WHAT THE EXERCISE ASKS
Give the number of lines in the data that contain "chart", and nothing more.

Web page caption snippets:

>>

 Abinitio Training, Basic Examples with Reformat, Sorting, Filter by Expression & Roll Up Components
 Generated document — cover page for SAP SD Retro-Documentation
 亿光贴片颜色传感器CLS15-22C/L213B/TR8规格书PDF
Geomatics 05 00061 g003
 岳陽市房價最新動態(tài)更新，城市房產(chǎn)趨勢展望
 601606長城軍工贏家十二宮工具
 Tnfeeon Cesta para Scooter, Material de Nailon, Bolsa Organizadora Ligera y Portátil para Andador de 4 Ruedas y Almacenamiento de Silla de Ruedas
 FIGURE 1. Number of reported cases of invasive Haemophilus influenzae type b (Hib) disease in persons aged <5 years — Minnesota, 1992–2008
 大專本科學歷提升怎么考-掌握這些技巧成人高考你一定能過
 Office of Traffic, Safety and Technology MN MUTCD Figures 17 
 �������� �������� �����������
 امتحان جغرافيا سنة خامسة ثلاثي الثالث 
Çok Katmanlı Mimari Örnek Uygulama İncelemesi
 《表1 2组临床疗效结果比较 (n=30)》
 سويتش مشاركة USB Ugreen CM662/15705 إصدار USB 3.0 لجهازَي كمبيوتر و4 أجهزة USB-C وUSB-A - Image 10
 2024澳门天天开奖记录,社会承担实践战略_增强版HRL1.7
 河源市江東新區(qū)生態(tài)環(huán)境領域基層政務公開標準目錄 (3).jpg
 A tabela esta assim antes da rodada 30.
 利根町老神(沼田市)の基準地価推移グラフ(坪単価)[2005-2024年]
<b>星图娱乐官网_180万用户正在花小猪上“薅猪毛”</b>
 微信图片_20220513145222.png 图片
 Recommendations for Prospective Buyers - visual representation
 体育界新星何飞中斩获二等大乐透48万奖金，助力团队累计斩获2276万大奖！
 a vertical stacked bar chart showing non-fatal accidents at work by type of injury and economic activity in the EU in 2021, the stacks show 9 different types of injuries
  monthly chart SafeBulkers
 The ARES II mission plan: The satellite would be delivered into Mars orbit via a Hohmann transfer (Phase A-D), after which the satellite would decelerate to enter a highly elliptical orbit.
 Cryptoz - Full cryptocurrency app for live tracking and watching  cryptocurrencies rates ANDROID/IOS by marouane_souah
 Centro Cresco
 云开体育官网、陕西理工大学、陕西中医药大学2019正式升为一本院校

<<

WRITTEN REPLY
2